Because none of the first five clauses apply in this case,1 Ms. Bohanan must rely upon Rule 60(b)(6). Relief under that provision is only appropriate in "unusual and extreme situations where principles of equity mandate relief." Blue Diamond Coal Co. v. Trustees of UMWA Combined Ben. Fund, 249 F.3d 519, 524 (6th Cir. 2001) (quoting Olle v. Henry & Wright Corp., 910 F.2d 357, 365 (6th Cir. 1990)). "[T]he party seeking relief under Rule 60(b) bears the burden of establishing the grounds for such relief by clear and convincing evidence." Info-Hold, Inc. v. Sound Merch., Inc., 538 F.3d 448, 454 (6th Cir. 2008).

In her motion to reopen, Ms. Bohanan asserts that the case was dismissed without her knowledge or consent. She further contends that she had difficulty contacting her attorneys for an unspecified amount of time, and that her attorneys left her "totally in the dark" as to the status of her case [D. 63]. The motion to reopen is not entirely clear as to the timeline of events, but Ms. Bohanan seems to allege that she did not learn about the August 2016 dismissal until around January 2017, when the case did not proceed to trial as scheduled.
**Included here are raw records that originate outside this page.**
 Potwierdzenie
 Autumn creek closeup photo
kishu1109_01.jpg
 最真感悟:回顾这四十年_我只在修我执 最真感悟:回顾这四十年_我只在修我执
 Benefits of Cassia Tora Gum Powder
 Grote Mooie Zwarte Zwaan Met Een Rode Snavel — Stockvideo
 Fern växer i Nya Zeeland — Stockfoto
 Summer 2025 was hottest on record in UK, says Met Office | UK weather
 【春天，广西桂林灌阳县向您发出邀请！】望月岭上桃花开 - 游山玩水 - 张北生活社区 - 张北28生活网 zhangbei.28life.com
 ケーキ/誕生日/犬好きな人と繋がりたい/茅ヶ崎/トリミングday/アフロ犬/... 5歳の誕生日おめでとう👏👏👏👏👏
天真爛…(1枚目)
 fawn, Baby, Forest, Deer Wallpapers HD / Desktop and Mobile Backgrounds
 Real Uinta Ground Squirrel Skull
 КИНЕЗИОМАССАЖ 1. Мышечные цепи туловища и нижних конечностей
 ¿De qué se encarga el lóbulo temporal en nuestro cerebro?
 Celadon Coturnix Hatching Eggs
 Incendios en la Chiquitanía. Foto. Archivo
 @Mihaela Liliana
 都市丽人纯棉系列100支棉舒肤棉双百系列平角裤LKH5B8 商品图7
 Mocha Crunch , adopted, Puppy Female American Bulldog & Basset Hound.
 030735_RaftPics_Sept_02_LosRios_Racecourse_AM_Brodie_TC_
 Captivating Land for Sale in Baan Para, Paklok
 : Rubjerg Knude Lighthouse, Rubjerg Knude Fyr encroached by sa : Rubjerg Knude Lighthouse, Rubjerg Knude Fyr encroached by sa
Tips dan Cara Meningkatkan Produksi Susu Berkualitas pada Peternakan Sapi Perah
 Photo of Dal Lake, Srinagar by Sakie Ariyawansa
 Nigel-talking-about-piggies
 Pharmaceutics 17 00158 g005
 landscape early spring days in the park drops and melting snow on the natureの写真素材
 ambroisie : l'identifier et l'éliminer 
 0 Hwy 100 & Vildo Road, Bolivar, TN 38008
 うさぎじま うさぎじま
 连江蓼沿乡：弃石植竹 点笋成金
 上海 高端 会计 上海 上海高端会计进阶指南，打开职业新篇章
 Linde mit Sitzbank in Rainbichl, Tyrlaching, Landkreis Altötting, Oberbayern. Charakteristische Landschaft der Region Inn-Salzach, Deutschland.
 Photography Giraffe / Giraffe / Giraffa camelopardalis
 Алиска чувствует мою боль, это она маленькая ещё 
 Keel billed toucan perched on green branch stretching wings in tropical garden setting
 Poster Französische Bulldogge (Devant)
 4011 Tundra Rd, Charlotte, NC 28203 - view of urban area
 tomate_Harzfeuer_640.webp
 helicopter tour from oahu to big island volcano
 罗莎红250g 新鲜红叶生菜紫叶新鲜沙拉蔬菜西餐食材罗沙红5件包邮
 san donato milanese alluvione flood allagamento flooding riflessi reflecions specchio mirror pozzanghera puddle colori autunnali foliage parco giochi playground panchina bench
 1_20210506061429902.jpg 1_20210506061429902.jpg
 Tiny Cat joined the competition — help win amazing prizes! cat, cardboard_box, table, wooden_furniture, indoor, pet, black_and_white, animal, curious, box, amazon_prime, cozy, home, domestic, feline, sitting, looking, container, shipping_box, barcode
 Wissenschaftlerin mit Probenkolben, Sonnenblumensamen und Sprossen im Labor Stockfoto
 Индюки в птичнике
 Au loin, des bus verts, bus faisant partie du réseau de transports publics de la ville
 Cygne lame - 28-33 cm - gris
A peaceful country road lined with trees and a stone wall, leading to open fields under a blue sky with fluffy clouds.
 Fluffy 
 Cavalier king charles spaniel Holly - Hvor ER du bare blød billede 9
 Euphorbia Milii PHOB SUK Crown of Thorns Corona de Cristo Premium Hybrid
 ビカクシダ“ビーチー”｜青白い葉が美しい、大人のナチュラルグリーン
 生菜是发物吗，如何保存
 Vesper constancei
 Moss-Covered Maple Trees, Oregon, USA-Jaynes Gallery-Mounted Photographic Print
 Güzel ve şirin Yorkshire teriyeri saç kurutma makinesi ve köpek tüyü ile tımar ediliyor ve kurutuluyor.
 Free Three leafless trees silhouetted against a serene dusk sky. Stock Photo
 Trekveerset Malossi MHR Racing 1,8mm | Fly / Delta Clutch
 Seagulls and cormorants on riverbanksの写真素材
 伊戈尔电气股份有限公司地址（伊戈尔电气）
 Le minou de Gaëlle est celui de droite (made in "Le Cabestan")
From the perspective of the Court and Defendants, however, Ms. Bohanan's counsel filed an appropriate motion for a voluntary dismissal without prejudice, and, based on this filing and the lack of objections, the Court properly granted it. After voluntarily selecting an attorney as her representative, "a client is bound by [her] lawyer's acts even if those acts cause dismissal of the case. . . ." Clarendon Ltd. v. Foster, 7 F.3d 232, 1993 WL 339703, at *8 (6th Cir. Sept. 2, 1993) (citing Link v. Wabash R. Co., 370 U.S. 626 (1962)). The Supreme Court has flatly rejected the notion that there is any merit "to the contention that dismissal of [a party's] claim because of [her] counsel's unexcused conduct imposes an unjust penalty on the client." Link, 370 U.S. at 634.

Nevertheless, courts are understandably hesitant to attribute a lawyer's mistake or misconduct to her client in every circumstance. Whitaker v. Associated Credit Servs., Inc., 946 F.2d 1222, 1226 (6th Cir. 1991). See also Buck v. U.S. Dep't of Agric., Farmers Home Admin., 960 F.2d 603, 608 (6th Cir. 1992) (expressing reluctance to uphold the dismissal of a case "merely to discipline an errant attorney because such a sanction deprives the client of his day in court"). This Court has stated that a plaintiff alleging attorney error may obtain relief under Rule 60(b)(6) if she establishes that her former attorneys engaged in gross negligence, while she herself was free from fault. Wilson v. City of Jefferson City, Tenn., 2015 WL 1033888, at *2 (E.D. Tenn. Mar. 9, 2015).

Even if Ms. Bohanan were able to make this showing by clear and convincing evidence, the motion still must have been filed "within a reasonable time." See FED. R. CIV. P. 60(c)(1). In determining whether a Rule 60(b)(6) motion was timely filed, the court may consider "such factors as the interest in finality, the reason for the delay, the ability of the party to learn earlier of the grounds relied on and prejudice to the opposing party." United States v. Real Prop. Known & Numbered as 429 S. Main St., New Lexington, Ohio, 906 F.Supp. 1155, 1164 (S.D. Ohio 1995).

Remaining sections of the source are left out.